*Exercise brief*: Report every line of the records below that includes the string "Faux".

[Supplied records Boundary: Start]

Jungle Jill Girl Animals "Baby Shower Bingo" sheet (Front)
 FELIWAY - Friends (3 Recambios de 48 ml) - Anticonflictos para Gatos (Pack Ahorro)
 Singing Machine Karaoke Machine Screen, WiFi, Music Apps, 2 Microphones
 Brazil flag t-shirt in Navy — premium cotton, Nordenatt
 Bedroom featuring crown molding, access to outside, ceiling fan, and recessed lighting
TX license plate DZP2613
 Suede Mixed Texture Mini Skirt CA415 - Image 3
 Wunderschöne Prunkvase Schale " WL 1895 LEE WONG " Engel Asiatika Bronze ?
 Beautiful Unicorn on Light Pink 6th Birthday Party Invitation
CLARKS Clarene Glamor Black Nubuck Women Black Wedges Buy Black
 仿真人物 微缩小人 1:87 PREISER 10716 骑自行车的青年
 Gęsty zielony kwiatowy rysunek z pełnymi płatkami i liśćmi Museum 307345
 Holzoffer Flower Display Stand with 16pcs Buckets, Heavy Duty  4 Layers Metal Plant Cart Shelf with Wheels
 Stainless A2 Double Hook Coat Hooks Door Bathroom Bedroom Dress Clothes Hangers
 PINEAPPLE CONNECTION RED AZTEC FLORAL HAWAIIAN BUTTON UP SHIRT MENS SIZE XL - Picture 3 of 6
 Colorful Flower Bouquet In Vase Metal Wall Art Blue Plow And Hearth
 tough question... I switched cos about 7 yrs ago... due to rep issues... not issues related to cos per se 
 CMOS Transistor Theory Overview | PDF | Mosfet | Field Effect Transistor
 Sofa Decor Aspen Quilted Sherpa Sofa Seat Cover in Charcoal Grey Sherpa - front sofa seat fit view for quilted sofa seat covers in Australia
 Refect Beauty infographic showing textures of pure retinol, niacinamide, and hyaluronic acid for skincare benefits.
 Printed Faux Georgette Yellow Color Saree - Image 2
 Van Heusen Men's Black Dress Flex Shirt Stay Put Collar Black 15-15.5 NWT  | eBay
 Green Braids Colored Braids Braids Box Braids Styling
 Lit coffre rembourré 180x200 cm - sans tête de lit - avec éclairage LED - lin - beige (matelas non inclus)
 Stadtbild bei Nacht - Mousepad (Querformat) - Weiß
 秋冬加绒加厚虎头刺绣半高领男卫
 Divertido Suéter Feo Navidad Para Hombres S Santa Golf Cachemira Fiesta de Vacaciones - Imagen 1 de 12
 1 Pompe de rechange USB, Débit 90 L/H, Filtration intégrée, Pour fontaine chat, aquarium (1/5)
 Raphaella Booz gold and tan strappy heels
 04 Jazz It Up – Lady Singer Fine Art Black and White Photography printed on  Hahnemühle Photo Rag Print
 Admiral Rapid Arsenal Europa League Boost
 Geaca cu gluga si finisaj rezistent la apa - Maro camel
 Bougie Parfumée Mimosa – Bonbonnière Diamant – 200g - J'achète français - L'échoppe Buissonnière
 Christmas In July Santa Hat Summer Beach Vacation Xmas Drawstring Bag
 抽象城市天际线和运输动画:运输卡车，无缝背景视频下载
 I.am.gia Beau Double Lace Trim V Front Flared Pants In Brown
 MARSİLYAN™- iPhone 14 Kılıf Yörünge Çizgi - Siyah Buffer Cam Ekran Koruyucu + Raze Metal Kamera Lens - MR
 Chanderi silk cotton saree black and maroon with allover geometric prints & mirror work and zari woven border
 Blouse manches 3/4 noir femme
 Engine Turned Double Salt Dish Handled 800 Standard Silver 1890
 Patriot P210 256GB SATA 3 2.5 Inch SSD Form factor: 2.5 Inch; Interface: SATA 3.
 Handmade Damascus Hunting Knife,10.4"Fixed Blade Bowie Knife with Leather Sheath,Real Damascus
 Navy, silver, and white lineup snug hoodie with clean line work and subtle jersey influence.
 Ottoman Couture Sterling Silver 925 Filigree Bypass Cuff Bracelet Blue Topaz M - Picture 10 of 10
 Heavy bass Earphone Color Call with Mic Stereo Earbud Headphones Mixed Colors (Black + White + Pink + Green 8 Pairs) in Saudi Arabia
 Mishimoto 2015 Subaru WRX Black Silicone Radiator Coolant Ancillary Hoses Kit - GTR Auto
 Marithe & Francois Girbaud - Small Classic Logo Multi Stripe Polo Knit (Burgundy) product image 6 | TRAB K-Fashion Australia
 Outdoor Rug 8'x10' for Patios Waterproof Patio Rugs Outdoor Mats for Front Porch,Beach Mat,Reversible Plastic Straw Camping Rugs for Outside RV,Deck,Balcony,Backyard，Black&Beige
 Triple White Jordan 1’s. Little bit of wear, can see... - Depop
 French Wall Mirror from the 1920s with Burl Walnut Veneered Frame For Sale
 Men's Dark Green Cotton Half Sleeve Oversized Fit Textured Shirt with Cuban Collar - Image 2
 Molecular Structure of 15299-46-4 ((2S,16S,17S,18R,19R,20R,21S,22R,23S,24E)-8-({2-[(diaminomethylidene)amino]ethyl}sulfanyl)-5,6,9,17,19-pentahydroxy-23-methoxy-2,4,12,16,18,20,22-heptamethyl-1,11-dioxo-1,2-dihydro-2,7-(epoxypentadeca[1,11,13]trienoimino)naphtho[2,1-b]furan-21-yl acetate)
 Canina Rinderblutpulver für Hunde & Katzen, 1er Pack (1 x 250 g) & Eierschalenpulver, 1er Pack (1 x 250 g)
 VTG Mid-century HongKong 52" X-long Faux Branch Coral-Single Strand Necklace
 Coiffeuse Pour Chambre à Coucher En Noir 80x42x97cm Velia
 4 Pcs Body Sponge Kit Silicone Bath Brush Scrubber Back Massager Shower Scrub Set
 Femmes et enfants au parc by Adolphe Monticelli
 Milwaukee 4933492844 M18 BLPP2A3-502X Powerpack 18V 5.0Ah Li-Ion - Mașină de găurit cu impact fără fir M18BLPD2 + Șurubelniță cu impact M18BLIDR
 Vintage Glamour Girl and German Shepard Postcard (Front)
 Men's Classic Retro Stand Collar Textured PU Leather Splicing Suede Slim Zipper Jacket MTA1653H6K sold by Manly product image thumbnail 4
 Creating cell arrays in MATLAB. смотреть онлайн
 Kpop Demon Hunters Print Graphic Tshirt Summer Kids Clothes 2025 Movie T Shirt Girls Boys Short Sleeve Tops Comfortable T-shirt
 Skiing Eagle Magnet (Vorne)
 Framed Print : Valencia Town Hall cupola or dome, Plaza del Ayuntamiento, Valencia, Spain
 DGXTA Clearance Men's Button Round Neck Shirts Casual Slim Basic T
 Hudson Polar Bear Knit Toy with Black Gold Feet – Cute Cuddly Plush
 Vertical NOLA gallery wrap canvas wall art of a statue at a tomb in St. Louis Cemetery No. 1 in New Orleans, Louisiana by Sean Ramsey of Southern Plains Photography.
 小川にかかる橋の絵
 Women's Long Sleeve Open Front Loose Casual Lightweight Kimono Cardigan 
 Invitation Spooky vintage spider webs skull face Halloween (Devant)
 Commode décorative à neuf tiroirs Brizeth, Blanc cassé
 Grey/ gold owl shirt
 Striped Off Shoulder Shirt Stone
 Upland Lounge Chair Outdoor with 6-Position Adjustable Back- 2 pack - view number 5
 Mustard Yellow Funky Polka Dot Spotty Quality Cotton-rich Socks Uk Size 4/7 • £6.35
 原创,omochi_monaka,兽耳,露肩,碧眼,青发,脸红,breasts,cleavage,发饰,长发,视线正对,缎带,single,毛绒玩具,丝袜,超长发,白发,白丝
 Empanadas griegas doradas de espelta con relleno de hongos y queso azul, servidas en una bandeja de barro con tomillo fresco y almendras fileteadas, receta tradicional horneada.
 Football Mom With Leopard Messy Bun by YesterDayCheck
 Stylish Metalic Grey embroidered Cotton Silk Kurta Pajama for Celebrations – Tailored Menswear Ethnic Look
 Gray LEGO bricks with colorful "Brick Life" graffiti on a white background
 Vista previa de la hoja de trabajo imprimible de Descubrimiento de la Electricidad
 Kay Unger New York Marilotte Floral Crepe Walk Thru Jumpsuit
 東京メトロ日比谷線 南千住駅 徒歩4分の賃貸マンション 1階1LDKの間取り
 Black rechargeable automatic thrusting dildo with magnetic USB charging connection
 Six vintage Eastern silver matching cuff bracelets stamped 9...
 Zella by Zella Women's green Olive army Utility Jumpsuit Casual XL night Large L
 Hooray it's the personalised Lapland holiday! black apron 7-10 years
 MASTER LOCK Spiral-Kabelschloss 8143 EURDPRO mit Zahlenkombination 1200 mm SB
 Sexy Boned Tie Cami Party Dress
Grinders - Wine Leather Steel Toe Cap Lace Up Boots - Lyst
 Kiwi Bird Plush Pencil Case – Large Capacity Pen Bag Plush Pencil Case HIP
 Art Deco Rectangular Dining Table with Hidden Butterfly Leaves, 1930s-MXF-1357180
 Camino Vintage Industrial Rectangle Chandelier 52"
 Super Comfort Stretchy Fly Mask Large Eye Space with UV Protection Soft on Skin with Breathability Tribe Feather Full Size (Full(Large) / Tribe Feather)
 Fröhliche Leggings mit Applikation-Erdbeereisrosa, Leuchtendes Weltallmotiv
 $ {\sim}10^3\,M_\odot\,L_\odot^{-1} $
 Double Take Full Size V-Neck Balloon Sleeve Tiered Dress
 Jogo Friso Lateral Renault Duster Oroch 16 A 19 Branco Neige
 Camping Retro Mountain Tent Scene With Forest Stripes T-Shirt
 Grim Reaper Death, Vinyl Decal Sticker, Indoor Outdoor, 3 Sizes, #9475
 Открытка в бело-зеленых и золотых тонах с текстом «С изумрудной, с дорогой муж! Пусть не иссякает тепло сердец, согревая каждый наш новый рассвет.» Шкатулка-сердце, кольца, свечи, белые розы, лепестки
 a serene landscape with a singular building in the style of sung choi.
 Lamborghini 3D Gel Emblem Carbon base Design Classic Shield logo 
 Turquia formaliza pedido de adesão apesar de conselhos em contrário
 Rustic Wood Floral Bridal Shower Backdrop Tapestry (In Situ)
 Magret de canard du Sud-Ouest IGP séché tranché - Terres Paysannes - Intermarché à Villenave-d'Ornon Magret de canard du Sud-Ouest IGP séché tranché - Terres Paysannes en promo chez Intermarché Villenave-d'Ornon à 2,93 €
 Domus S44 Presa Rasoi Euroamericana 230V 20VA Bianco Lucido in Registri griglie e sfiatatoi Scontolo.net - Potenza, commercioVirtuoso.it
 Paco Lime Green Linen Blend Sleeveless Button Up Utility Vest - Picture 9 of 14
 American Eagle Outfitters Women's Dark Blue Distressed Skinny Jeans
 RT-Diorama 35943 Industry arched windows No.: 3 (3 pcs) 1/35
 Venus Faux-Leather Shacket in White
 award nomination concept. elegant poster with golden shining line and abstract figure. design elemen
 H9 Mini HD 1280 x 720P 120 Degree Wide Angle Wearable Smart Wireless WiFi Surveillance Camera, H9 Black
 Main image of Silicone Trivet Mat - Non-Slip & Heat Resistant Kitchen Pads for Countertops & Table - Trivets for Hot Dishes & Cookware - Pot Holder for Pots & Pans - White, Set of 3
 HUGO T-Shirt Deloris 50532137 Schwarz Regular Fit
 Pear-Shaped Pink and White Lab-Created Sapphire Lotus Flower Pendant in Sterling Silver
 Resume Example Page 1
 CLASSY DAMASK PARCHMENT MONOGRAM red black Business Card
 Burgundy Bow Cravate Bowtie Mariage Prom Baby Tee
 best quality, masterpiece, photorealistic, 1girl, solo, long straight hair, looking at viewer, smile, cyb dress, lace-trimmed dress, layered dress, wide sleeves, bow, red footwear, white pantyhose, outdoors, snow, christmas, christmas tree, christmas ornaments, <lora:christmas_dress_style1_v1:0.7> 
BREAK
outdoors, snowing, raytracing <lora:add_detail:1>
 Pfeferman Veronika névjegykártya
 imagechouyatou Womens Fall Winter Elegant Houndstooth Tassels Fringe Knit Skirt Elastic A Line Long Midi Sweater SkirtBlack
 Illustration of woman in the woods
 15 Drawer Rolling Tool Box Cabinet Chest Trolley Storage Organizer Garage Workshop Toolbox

[Supplied records Boundary: End]

*Response below*:
 Printed Faux Georgette Yellow Color Saree - Image 2
 VTG Mid-century HongKong 52" X-long Faux Branch Coral-Single Strand Necklace
 Venus Faux-Leather Shacket in White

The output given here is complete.